Official Library Twitter accounts- what factors are correlated with number of followers?

After posting about what Library Twitter accounts are doing here and here, I stumbled upon a more efficient way of getting the statistics and this resulted in the following batch of statistics (Number of followers, Number of following, Followers/following ratio, Age of account (based on first tweet) and total updates for all 456 accounts on the Library Twitter League.

And as luck would have it, at the same time the Twitter League was updated and you can now, get the very same statistics as well from there! You can now order by not just followers, but also following , follower/following ratio, signup date and alphabetical. In any case, the data will be used in this post.

Is the list representative of Library Twitter accounts?

No doubt, many people will have questions about how representative the list is. As mentioned here ,the list began from self-reported cases from here , here and here . I was somewhat concerned that this list has an inherent bias in listing mature accounts, so I searched using Twitter search using “Lib”, “library”, “ref” etc as well as directories such as wefollow and tried as best as I could to add obvious library accounts.
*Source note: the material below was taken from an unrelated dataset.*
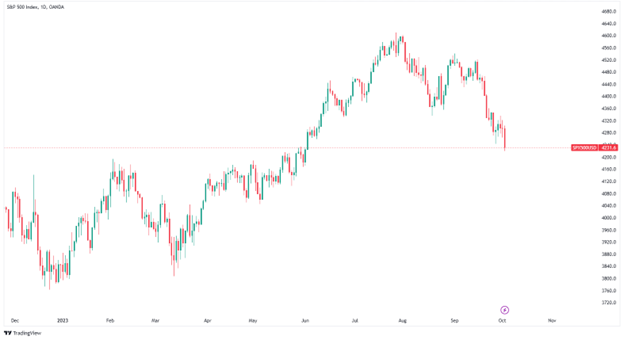 سوق الأسهم الأمريكية - S&P 500 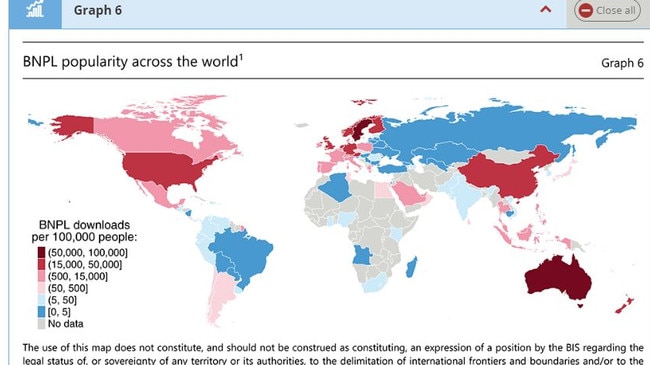 Australia and Sweden have the highest uptake of buy now pay later platforms in the world.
Nevertheless, I can’t rule out the fact that the sample here isn’t representative, though I submit that 456 is a large sample and is probably a good starting place as any.

Descriptive statistics

You will notice from the results above that the mean and median number of followers, 212 and 113 respectively is a bit different compared to what was reported in an earlier post (the mean was lower, but median was higher in earlier smaller sample), mainly because the composition of accounts in the earlier batch was quite different (earlier calculations had left out a few big accounts, while excluding numerous smaller accounts).

Age of account

A new statistic we have is the age of the account based on first tweet in days. The oldest account is 984 days old, or over 2.5 years old, making it one of the pioneer accounts. But 50% of accounts are younger than 132 days old (roughly 4 months), showing a surge in many new accounts.

Above shows the cumulative distribution graph of Library Twitter accounts by age (days).

Total updates

95% of library Twitter accounts have updated less than 1,000 times but this does not take into account the age of accounts.

Updates per day

It was obvious also to calculate updates per day, and generally library Twitter accounts don’t update much with a mean update of 0.98 updates per day.

The twitter library accounts generally don’t update a lot. 95% of accounts update less than 3 times daily. Note that update per day is calculated by taking total updates divided by the age of the account. Some accounts are dormant for a while before they become really active, so this statistic probably understates the current updates per day.

TFF ratio

One statistic, I calculated in an earlier blog post was Twitter follower/following ratio or more formally named Twitter Follower-Friend Ratio (TFF)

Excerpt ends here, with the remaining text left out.